Posted April. 08, 2003 22:03,   

한국어

American forces targeted Iraqi President Saddam Hussein on April 8, for the second time after the blasts on March 20 at the beginning of the war. They have resumed ‘decapitation maneuvers’ to end the war with intensive bombing.

U.S. forces carried out attacks on Mansour, one of Baghdad’s exclusive residential neighborhoods, on Monday afternoon in an attempt to kill Saddam Hussein and his son after the CIA passed the tip on to military planners that the Iraqi leaders were meeting in a house there.

It is uncertain whether the Iraqi dictator and his sons are dead or not. It will be known by April 10. However, MSNBC, an American broadcasting company, quoted a senior military official as saying, “Saddam Hussein and his sons are very likely dead.”

“We did receive credible intelligence of a senior leadership meeting of the Iraqi regime,” a United States official in Washington said. “The Iraqi official told the CIA that President Hussein and other Iraqi leaders are to assemble in a house in the Mansour area on April 7.”

The U.S. official said, “They were discussing ways to escape Baghdad and told us that President Hussein went there, to be sure, but didn’t see him come out.”

It took 45 minutes for American forces to attack Baghdad after the CIA tipped off Central Command. A B-1 bomber flying over Baghdad dropped the bombs as soon as it received the urgent instructions and the map of the site to bomb.

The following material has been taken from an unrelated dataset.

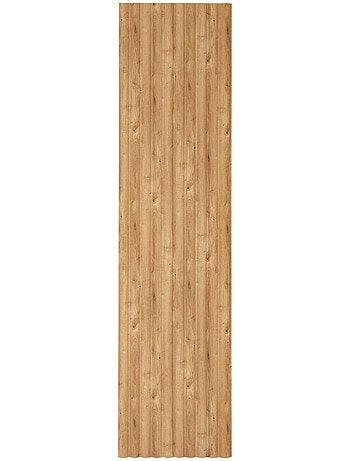 Lot de 2 panneaux décoratifs effet bois 120x30cm ALCOV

The bomber dropped four 2,000-pound Joint Direct Attack Munitions, or JDAMs, on the target site in the Mansour area.

The attack left a “huge smoking hole” in Mansour and those in the house were all dead, an official at the Department of Defense said.

In addition, four other houses near the bombed house were destroyed and three orange trees were pulled out. The Mansour neighborhood looks like a battlefield now with concrete rubble and broken glass everywhere.

The Washington Times reported that the targeted house was used by the Iraqi Intelligence Agency. President Hussein suddenly appeared at a restaurant near this house on April 4, it added.

The attacks were known to kill a total of 14 people including a whole family of nine, but their identities are yet to be confirmed.

A senior official at the State Department explained that the attack was carried out because the intelligence was credible even though the target was in a residential area.

The possibility that Saddam Hussein escaped from the house right before the strike cannot be ruled out because the house has a secret underground passage. U.S. Central Command said it was quite certain that the dictator may have been in the house at the time of the bombing, according to ABC News.